WHAT YOU HAVE TO DO.
What follows is a listing; restate all of it word for word.

ENTRIES SUPPLIED.
+ + + + +

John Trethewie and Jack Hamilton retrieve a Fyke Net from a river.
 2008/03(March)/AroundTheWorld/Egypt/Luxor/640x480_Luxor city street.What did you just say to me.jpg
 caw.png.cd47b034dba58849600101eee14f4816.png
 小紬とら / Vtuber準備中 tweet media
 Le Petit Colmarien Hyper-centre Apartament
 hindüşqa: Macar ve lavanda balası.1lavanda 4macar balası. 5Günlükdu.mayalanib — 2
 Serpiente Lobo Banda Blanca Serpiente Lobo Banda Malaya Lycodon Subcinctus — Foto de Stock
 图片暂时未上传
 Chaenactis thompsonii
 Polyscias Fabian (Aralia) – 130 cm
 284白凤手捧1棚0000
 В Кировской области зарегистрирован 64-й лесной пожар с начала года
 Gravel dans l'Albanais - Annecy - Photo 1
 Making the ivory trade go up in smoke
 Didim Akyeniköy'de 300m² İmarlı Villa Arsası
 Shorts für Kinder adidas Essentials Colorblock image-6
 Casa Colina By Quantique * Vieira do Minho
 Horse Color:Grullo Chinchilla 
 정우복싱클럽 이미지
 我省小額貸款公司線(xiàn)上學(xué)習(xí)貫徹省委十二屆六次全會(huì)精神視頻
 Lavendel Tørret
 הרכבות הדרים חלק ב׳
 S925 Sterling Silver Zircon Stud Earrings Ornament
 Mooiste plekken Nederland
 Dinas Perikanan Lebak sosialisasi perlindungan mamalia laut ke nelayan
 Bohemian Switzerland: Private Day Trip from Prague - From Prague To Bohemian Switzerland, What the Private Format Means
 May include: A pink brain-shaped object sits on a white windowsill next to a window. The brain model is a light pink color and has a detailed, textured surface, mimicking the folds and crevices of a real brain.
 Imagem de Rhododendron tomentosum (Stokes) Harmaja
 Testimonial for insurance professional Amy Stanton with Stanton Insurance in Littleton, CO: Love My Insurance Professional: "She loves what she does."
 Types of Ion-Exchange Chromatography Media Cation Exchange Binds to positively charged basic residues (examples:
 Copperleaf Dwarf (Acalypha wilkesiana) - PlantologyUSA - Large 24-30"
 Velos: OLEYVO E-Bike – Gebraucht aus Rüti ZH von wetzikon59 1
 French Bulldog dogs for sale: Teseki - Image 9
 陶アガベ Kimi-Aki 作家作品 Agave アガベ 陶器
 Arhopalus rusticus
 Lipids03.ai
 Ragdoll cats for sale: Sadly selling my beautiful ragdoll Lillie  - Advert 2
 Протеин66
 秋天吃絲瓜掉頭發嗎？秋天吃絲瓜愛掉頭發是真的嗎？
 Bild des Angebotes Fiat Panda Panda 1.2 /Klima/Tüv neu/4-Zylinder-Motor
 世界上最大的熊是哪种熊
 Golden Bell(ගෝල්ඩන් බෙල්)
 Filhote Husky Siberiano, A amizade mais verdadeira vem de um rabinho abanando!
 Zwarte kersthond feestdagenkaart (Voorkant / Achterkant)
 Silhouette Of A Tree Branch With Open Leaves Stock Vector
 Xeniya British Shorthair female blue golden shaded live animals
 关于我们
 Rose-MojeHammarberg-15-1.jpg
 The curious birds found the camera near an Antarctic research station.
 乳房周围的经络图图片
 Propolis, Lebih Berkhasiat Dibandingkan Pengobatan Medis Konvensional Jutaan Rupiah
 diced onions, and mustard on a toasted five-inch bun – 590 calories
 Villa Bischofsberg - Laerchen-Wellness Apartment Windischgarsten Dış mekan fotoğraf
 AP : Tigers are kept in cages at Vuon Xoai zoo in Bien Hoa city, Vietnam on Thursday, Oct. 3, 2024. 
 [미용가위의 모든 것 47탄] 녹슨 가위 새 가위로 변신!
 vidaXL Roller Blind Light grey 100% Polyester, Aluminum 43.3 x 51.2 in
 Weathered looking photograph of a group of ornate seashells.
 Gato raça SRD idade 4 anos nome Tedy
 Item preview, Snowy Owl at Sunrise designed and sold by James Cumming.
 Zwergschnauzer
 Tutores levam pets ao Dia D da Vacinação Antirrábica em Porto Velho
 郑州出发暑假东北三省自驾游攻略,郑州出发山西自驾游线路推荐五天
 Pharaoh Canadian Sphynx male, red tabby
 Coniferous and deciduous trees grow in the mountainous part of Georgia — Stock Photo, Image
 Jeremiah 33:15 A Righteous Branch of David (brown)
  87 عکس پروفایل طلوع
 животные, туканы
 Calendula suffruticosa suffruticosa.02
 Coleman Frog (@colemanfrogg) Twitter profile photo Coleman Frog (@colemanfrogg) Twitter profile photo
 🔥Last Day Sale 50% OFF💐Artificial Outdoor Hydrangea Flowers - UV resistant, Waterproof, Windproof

+ + + + +

ANSWER FOR THIS EXERCISE.
John Trethewie and Jack Hamilton retrieve a Fyke Net from a river.
 2008/03(March)/AroundTheWorld/Egypt/Luxor/640x480_Luxor city street.What did you just say to me.jpg
 caw.png.cd47b034dba58849600101eee14f4816.png
 小紬とら / Vtuber準備中 tweet media
 Le Petit Colmarien Hyper-centre Apartament
 hindüşqa: Macar ve lavanda balası.1lavanda 4macar balası. 5Günlükdu.mayalanib — 2
 Serpiente Lobo Banda Blanca Serpiente Lobo Banda Malaya Lycodon Subcinctus — Foto de Stock
 图片暂时未上传
 Chaenactis thompsonii
 Polyscias Fabian (Aralia) – 130 cm
 284白凤手捧1棚0000
 В Кировской области зарегистрирован 64-й лесной пожар с начала года
 Gravel dans l'Albanais - Annecy - Photo 1
 Making the ivory trade go up in smoke
 Didim Akyeniköy'de 300m² İmarlı Villa Arsası
 Shorts für Kinder adidas Essentials Colorblock image-6
 Casa Colina By Quantique * Vieira do Minho
 Horse Color:Grullo Chinchilla 
 정우복싱클럽 이미지
 我省小額貸款公司線(xiàn)上學(xué)習(xí)貫徹省委十二屆六次全會(huì)精神視頻
 Lavendel Tørret
 הרכבות הדרים חלק ב׳
 S925 Sterling Silver Zircon Stud Earrings Ornament
 Mooiste plekken Nederland
 Dinas Perikanan Lebak sosialisasi perlindungan mamalia laut ke nelayan
 Bohemian Switzerland: Private Day Trip from Prague - From Prague To Bohemian Switzerland, What the Private Format Means
 May include: A pink brain-shaped object sits on a white windowsill next to a window. The brain model is a light pink color and has a detailed, textured surface, mimicking the folds and crevices of a real brain.
 Imagem de Rhododendron tomentosum (Stokes) Harmaja
 Testimonial for insurance professional Amy Stanton with Stanton Insurance in Littleton, CO: Love My Insurance Professional: "She loves what she does."
 Types of Ion-Exchange Chromatography Media Cation Exchange Binds to positively charged basic residues (examples:
 Copperleaf Dwarf (Acalypha wilkesiana) - PlantologyUSA - Large 24-30"
 Velos: OLEYVO E-Bike – Gebraucht aus Rüti ZH von wetzikon59 1
 French Bulldog dogs for sale: Teseki - Image 9
 陶アガベ Kimi-Aki 作家作品 Agave アガベ 陶器
 Arhopalus rusticus
 Lipids03.ai
 Ragdoll cats for sale: Sadly selling my beautiful ragdoll Lillie  - Advert 2
 Протеин66
 秋天吃絲瓜掉頭發嗎？秋天吃絲瓜愛掉頭發是真的嗎？
 Bild des Angebotes Fiat Panda Panda 1.2 /Klima/Tüv neu/4-Zylinder-Motor
 世界上最大的熊是哪种熊
 Golden Bell(ගෝල්ඩන් බෙල්)
 Filhote Husky Siberiano, A amizade mais verdadeira vem de um rabinho abanando!
 Zwarte kersthond feestdagenkaart (Voorkant / Achterkant)
 Silhouette Of A Tree Branch With Open Leaves Stock Vector
 Xeniya British Shorthair female blue golden shaded live animals
 关于我们
 Rose-MojeHammarberg-15-1.jpg
 The curious birds found the camera near an Antarctic research station.
 乳房周围的经络图图片
 Propolis, Lebih Berkhasiat Dibandingkan Pengobatan Medis Konvensional Jutaan Rupiah
 diced onions, and mustard on a toasted five-inch bun – 590 calories
 Villa Bischofsberg - Laerchen-Wellness Apartment Windischgarsten Dış mekan fotoğraf
 AP : Tigers are kept in cages at Vuon Xoai zoo in Bien Hoa city, Vietnam on Thursday, Oct. 3, 2024. 
 [미용가위의 모든 것 47탄] 녹슨 가위 새 가위로 변신!
 vidaXL Roller Blind Light grey 100% Polyester, Aluminum 43.3 x 51.2 in
 Weathered looking photograph of a group of ornate seashells.
 Gato raça SRD idade 4 anos nome Tedy
 Item preview, Snowy Owl at Sunrise designed and sold by James Cumming.
 Zwergschnauzer
 Tutores levam pets ao Dia D da Vacinação Antirrábica em Porto Velho
 郑州出发暑假东北三省自驾游攻略,郑州出发山西自驾游线路推荐五天
 Pharaoh Canadian Sphynx male, red tabby
 Coniferous and deciduous trees grow in the mountainous part of Georgia — Stock Photo, Image
 Jeremiah 33:15 A Righteous Branch of David (brown)
  87 عکس پروفایل طلوع
 животные, туканы
 Calendula suffruticosa suffruticosa.02
 Coleman Frog (@colemanfrogg) Twitter profile photo Coleman Frog (@colemanfrogg) Twitter profile photo
 🔥Last Day Sale 50% OFF💐Artificial Outdoor Hydrangea Flowers - UV resistant, Waterproof, Windproof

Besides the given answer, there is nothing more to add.